Christian Directo image.jpg
Nov. 19, 2020

Christian Directo completed his BA in Asian and Asian American Studies in 2019, with a dual minor in History and Sociology. A clear lover of learning, he has since set out to continue his education, working toward his AAS in Marketing at CSN while also planning to pursue an MA in History.

 

Through networks he developed at UNLV, he became politically active with the Asian American community in Las Vegas as an undergraduate student, and he has continued with this community engagement since graduation, for example by participating in multiple roundtable talks with U.S. Representative Susie Lee regarding the different issues faced by the community. 

 

Christian identifies two faculty members in AIS as being particularly influential in his educational journey. Dr. Mark Padoongpatt, the director of the program, was the instructor of the first Asian American Studies course he took. In Christian’s words, “The reason he became one of my favorite instructors was that he believed in me full-heartedly and motivated me to not only continue my studies regarding Asian and Asian Americans, but because he influenced me to start my journey in assisting the Asian American community in Las Vegas.

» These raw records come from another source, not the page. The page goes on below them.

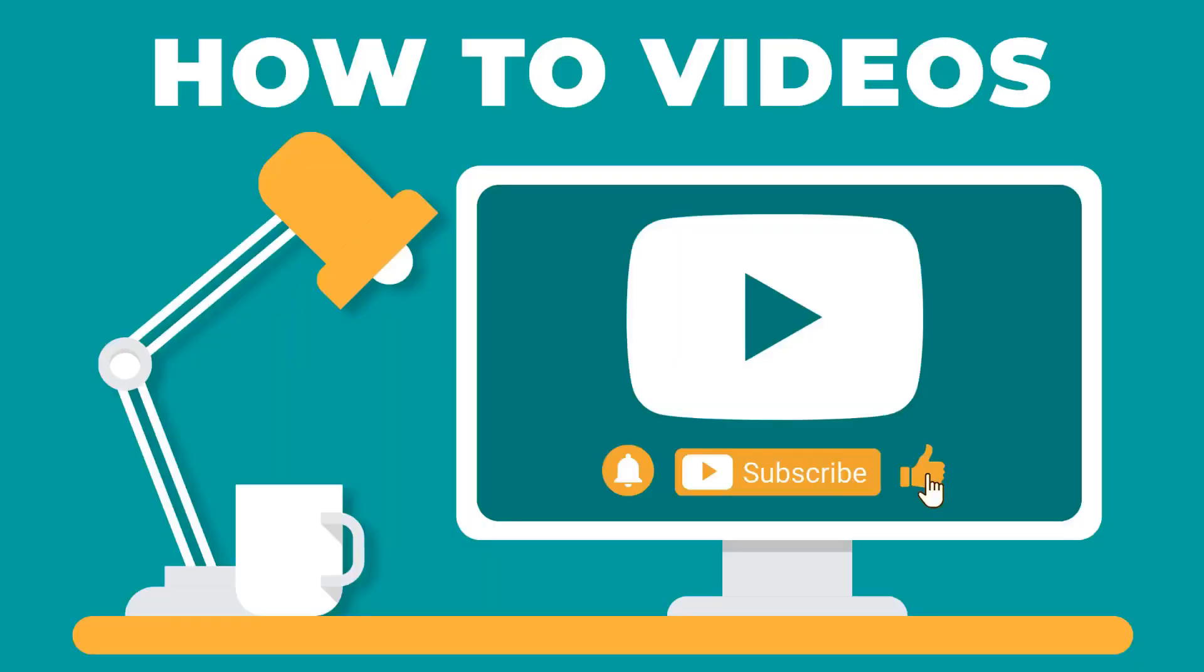Thanks for watching. If you enjoyed this video, please make sure to give it a thumbs up and subscribe to our channel.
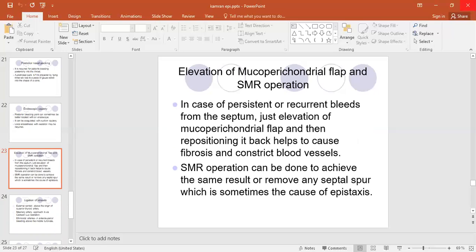There are further maneuvers if the bleeding is non-stop. One is to elevate the mucopericondrial flap, which is usually done in the SMR operation — SMR is an operation to straighten the deviated part of the septum. On the septum, the blood vessels are embedded by the mucopericondrial flaps. Sometimes this flap, when tethered down to the bone, keeps the opening of the vessels open so they are not closing. Simply elevating the localized mucopericondrial flap at the bleeding site can make the bleeding stop.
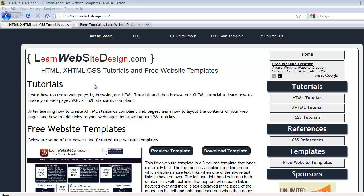This is a tutorial from LearnWebsiteDesign.com, and it's going to cover how to create forms, text fields, password fields, and submit buttons.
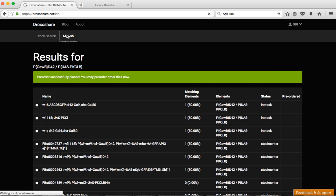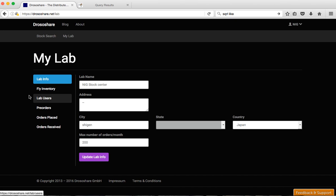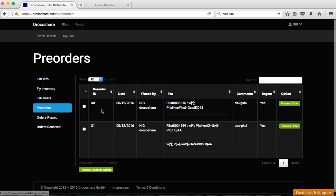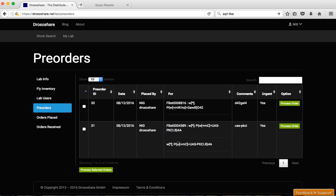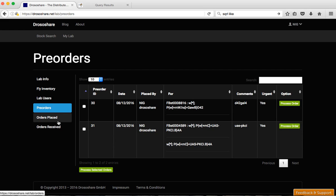Now if you go to my lab you'll see in the pre-order we have one here which is the D42-Gal4 which has only one element, one possibility, and the ESPKCI will be either one or the other. So for stock centers it doesn't make much sense but if you want to get flies in different labs it may be interesting to have different hits here such that if one lab refuse the order another lab can take it, or that you can group things to have less labs involved.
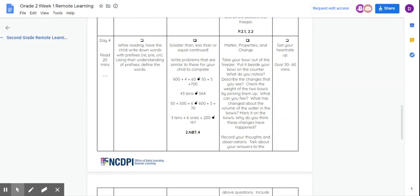Now, your next one for math, you're going to do greater than, less than, or equal to. So what they've done is kind of want you to figure out the expanded form and they compare it to each other. So if you look at this first one, we have 600 plus 4 plus 60. So 600 plus 4 plus 60 is 664.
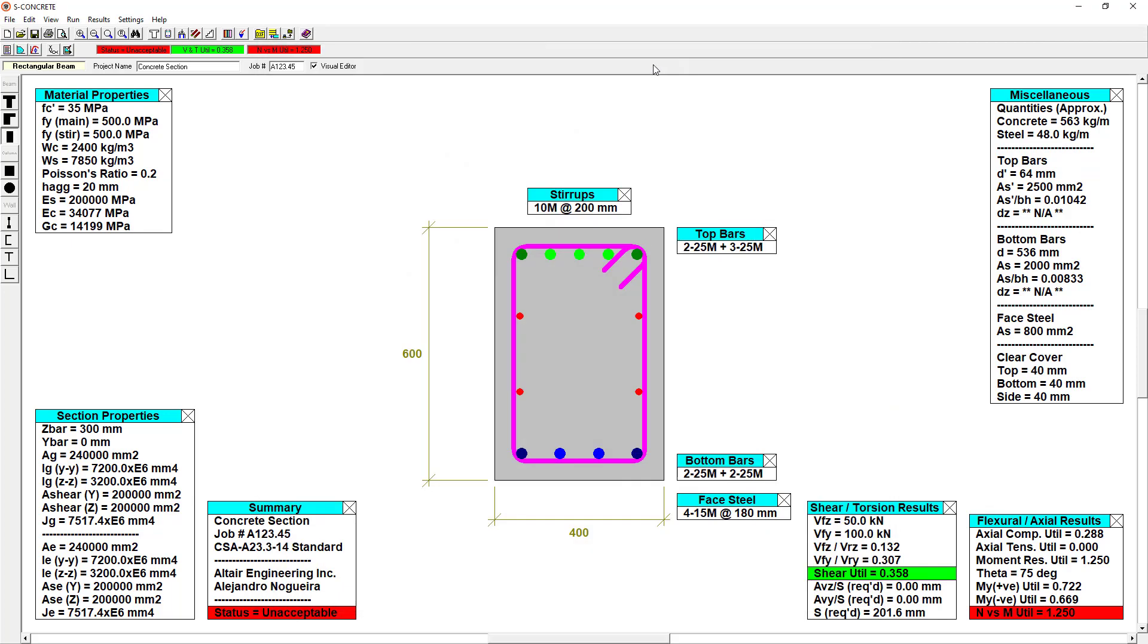If we go to the top of the screen, we notice that we have a status bar. It says unacceptable. We have a shear and torsional utilization and an axial load and moment utilization. It's axial load and moment that we're concerned with. So we'll have to do some redesigning.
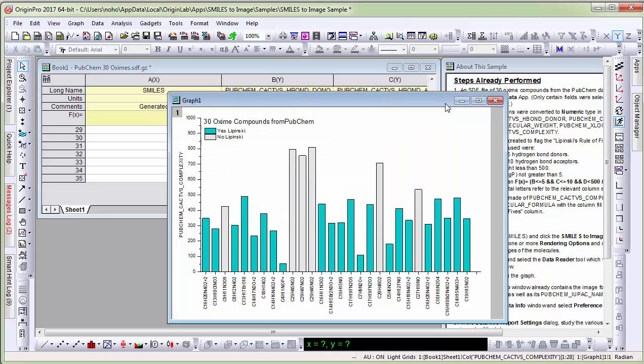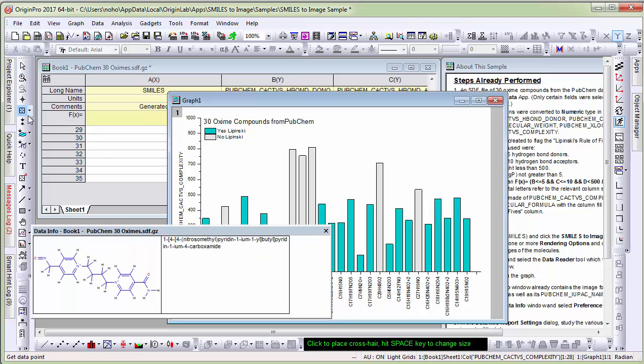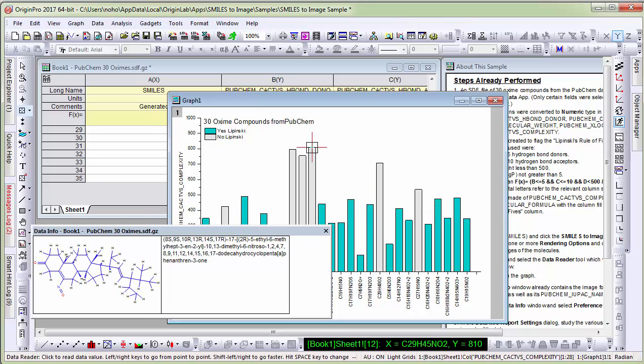Now let me switch to the graph. Origin has a data reader tool. Let me invoke the data reader tool and click on any of the data points.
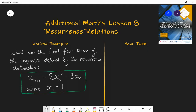Hello, welcome to lesson eight of Additional Maths. Today we're going to be looking at recurrence relations. This is all about sequences where you find the next term based on the previous term in the sequence. There are parts of the GCSE course which involve this, namely the iteration part, so if you're used to iteration then this shouldn't be too new for you.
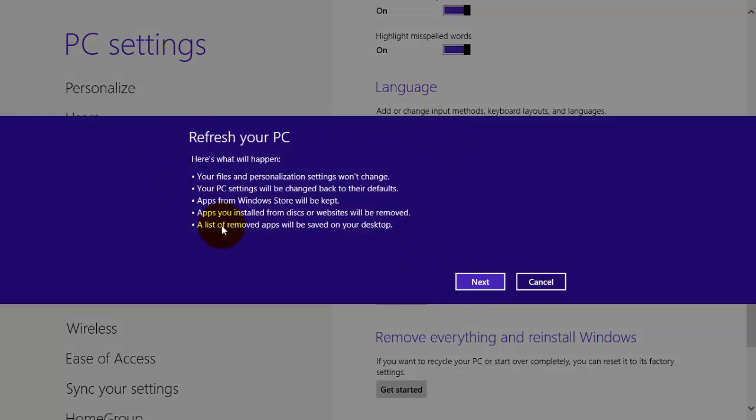And once you get started this screen will pop up and press next and you're on your way. So right now I don't want to do this because I just did it but I thought I would make a quick video to show you guys how to do it.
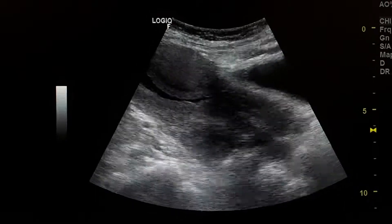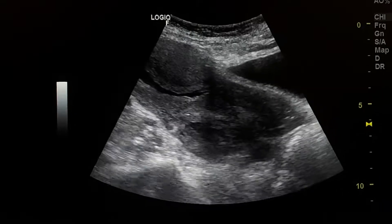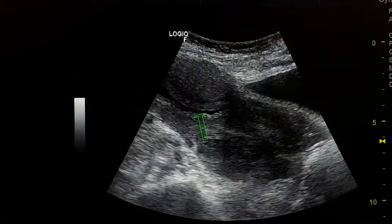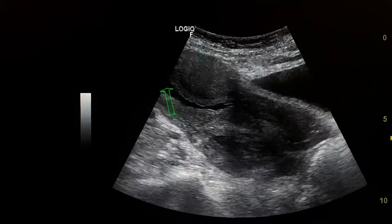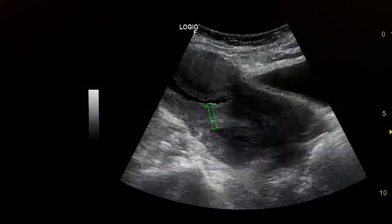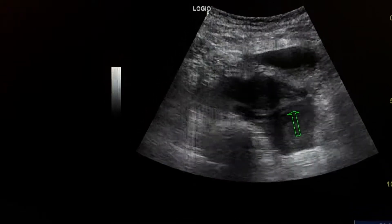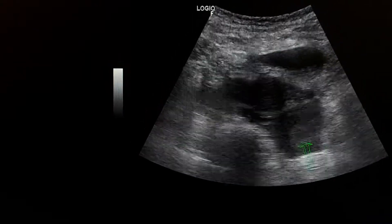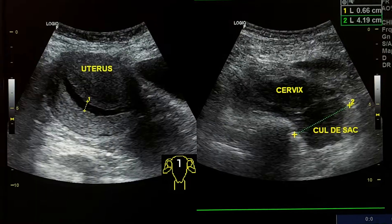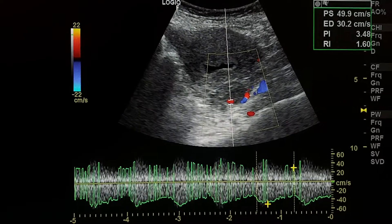This is a female with a positive pregnancy test and lower abdominal pain. The fluid inside the uterus was misinterpreted by the obstetrician as a gestational sac. Here in the cul-de-sac, we see a ring lesion with blood flow.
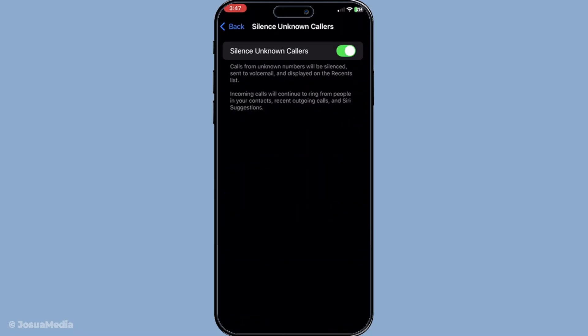And there you have it — a straightforward guide to managing and blocking group FaceTime calls on your iPhone. By following these steps, you can take control over who gets to reach you through FaceTime.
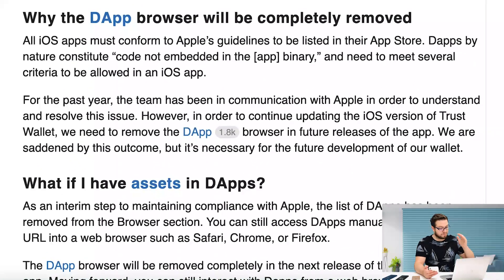Why did it happen? I saw on Trust Wallet's website that they removed the browser because it must conform to Apple's guidelines to be listed in their App Store. dApps by nature constitute code not embedded in a binary and need to meet several criteria to be allowed on iOS.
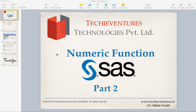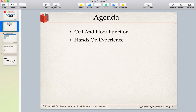Hello techies, welcome back. This is the second part of numeric functions and I am your instructor Sambhav. Please don't forget to subscribe my channel and also hit the bell icon to get notifications of my latest video. So let's get started. In today's session we are going to discuss two very important and interesting numeric functions called ceil and floor. After that we will do some practicals to understand ceil and floor function well.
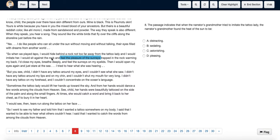In the sixth paragraph, the narrator's grandmother says that when she would imitate the lady with the tattoo, she would sit against the rock and feel the pleasure of the sun rays. Thus we can say she found the sun rays and the heat pleasing. Hence we choose option D.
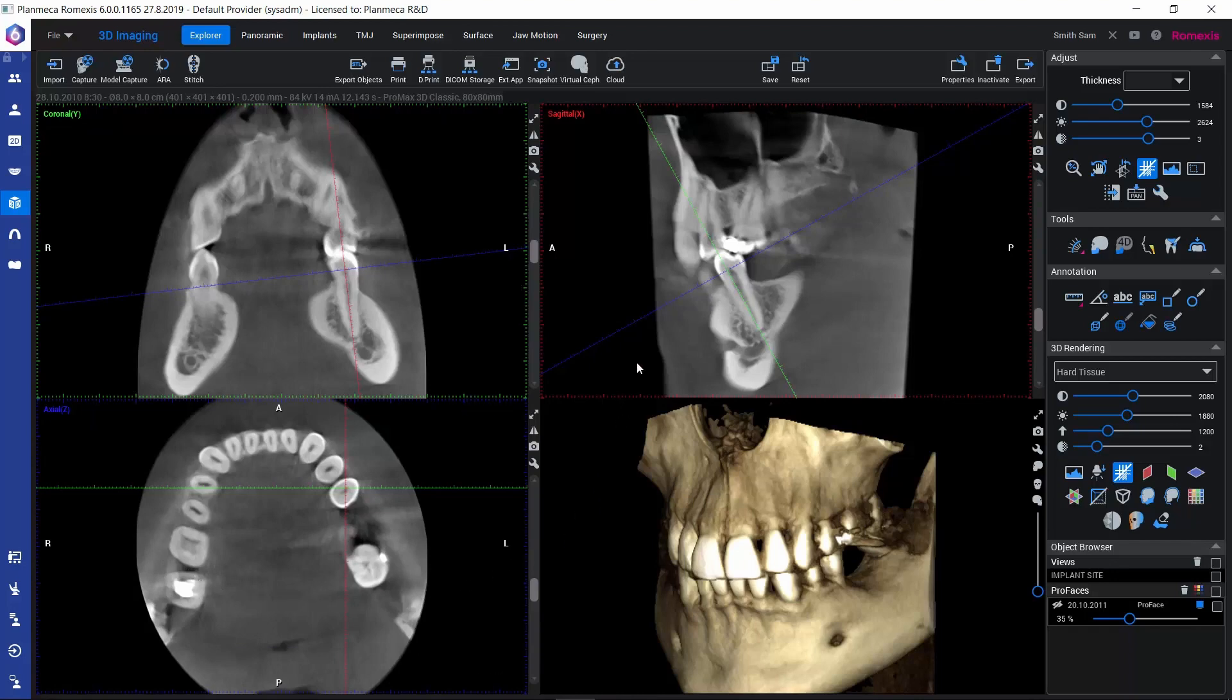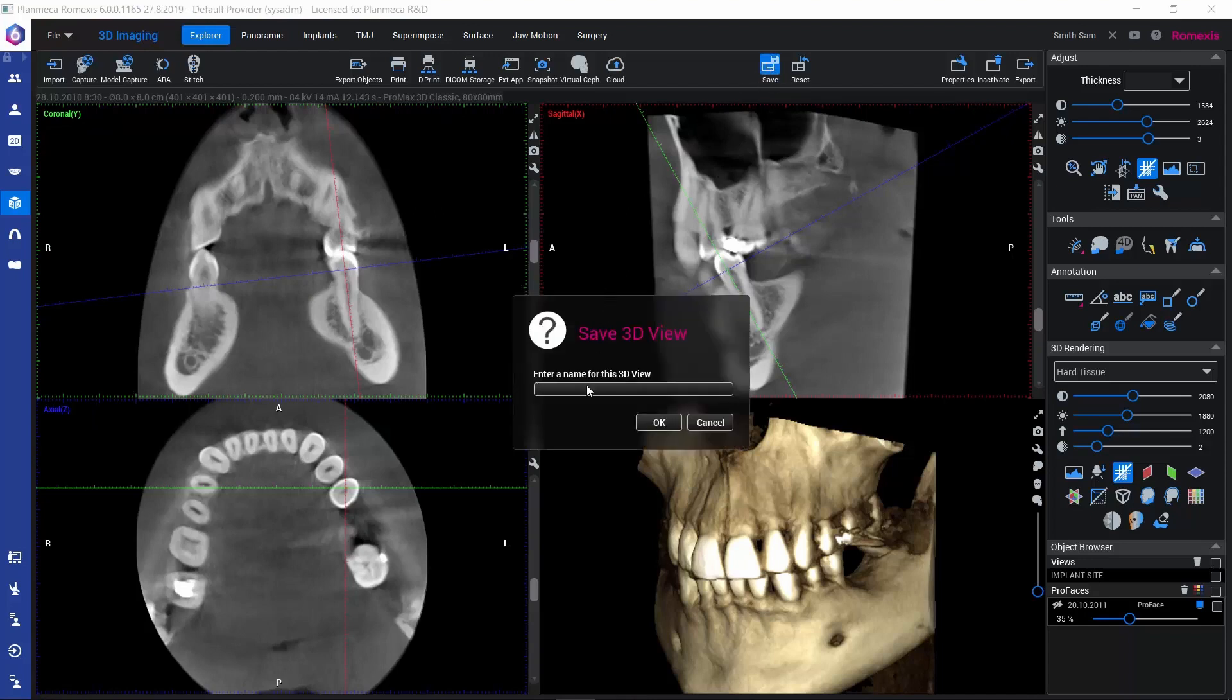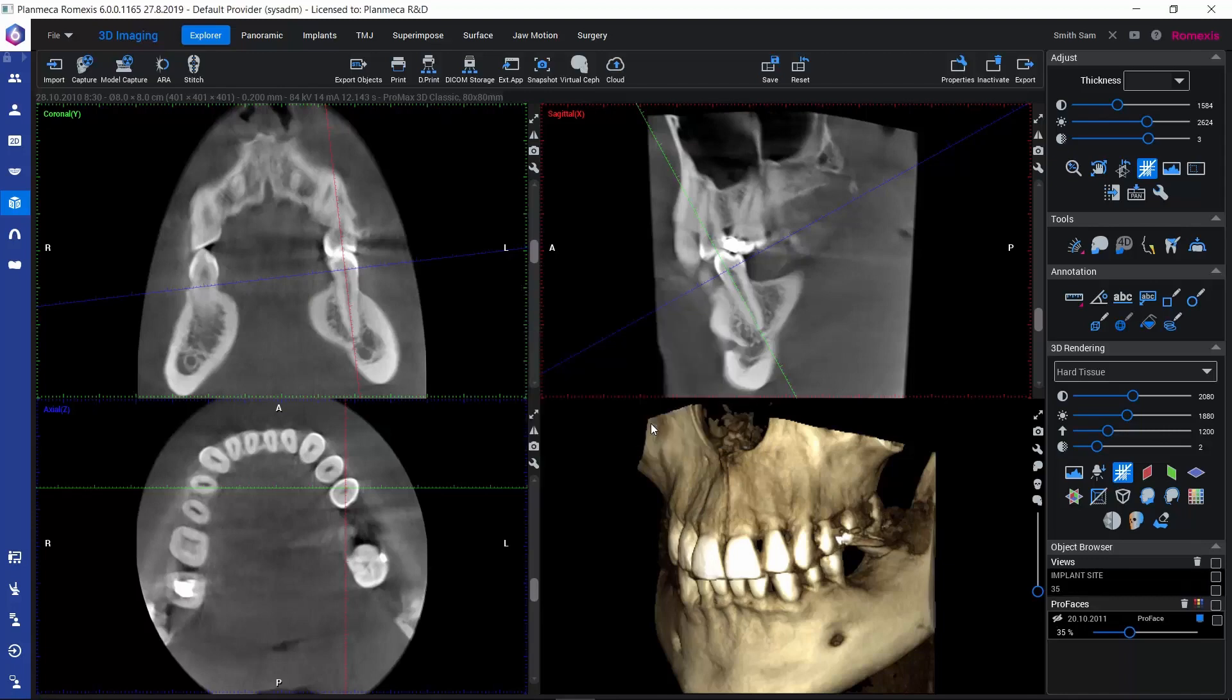In order to save this, we can go to the upper toolbar and click on Save. This allows us to specify a name for our view. For example, we could put a tooth number, the name of the finding, anything, and save that by clicking OK.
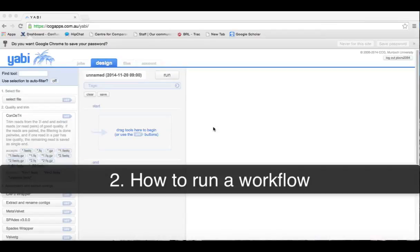In this screencast, we'll show you how to run a workflow in Yavi. For example, let's create a simple workflow, such as selecting a file and using a quality and trimming tool.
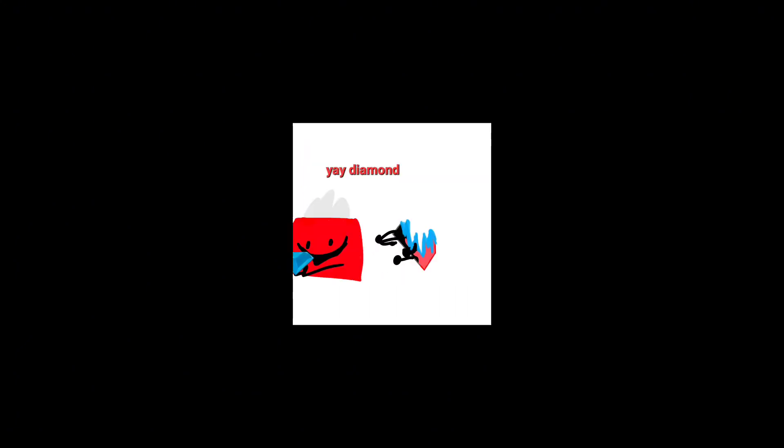Yay, Diamond! Man, I'm gonna be rich. Wait, why do I sound... Yeah, I'm gonna be rich!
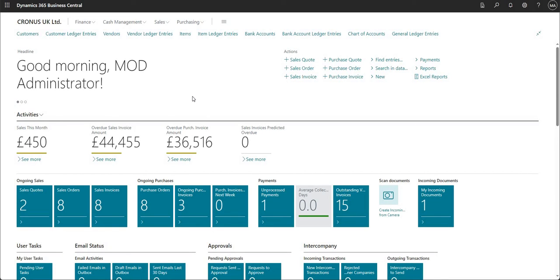Hi everyone and welcome to this video. Today we'll be talking about Excel layout reports in Business Central. It's one of the fairly new functions available in BC. What we can do is create our own Excel layout for a report within Business Central, import it into BC, and the next time we run that report it generates in the Excel format we designed.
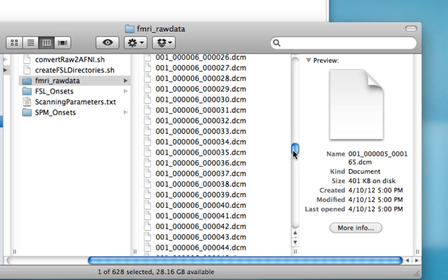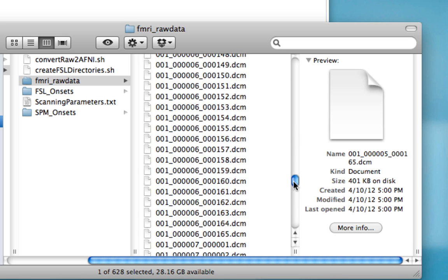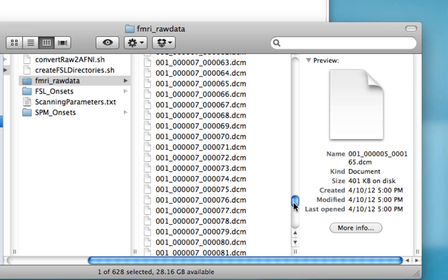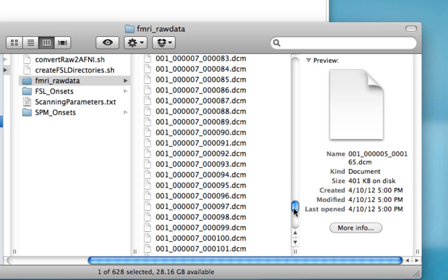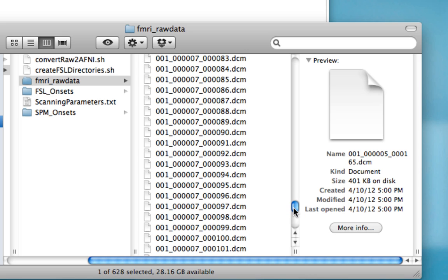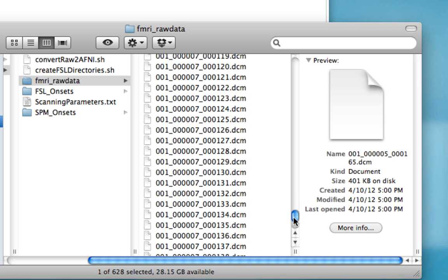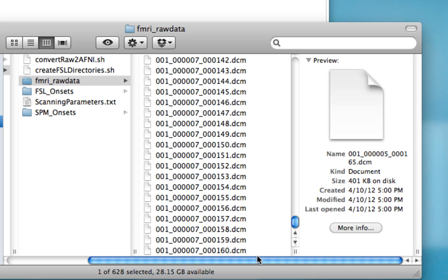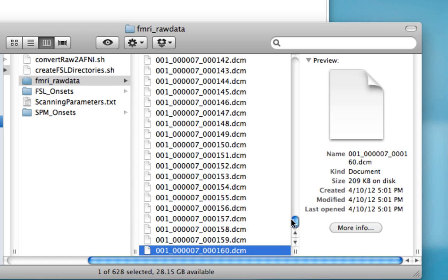Run six is the same, and when we get to run seven, it should end at 160 volumes, because it is an anatomical run. And we see that that is also what happens. It's good to check for this just to make sure that there are no runs or volumes that are missing.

He also was very influential in shaping my capstone project. Without his guidance and influence, I don’t think I would be who I am currently.” Dr. Constancio Arnaldo was another one of his favorite instructors at UNLV. During his AIS 102 course (Introduction to Asian American Studies), Christian learned about the history of Asian Americans, AANAPISI, and the model minority stereotype. Christian drew on what he learned in Dr. Arnaldo’s AIS 102 course when he was invited to give a speech during Asian American History month at UNLV, an opportunity that was facilitated by AIS faculty. 

 

During the course of his studies, he became especially interested in researching how fashion design, photography, and other means of self-expression can serve as powerful modes of intervention in the model minority stereotype. For example, for the final project in Dr. Padoonpatt’s AIS 301 class (Asian Americans in Sin City), he wrote a transcript for a podcast episode on “Asian Americans in the Fashion Industry in Las Vegas,” drawing together archival research, oral interviews, and fieldwork with local Asian American male "fashion creatives" who procure, sell, and set fashion trends both locally and globally, particularly in Asia. Through this research, he not only revealed the transnational dimensions of Asian American "streetwear," but also highlighted the history of racialization of Asian Americans in the United States and how it has impacted their participation in the White-dominated U.S. fashion industry. He argued that Asian Americans, racialized as nerdy and asexual model-minorities, struggled to carve out a place for themselves in an industry driven by notions of cool, stylish, and sexy. As a result, many Asian American men gravitated toward blackness and sought opportunities across the Pacific in countries like Japan. 

 

He continued with this same line of research for his senior capstone project, under the direction of Dr. Arnaldo, where he created a documentary entitled "Asians and the Fashion Industry". Christian’s compelling documentary sought to further understand how global popular culture, particularly fashion, works in conjunction with Asian and Asian Americans’ identities, their artistic labor, and the limits and complexities of cultural appropriation.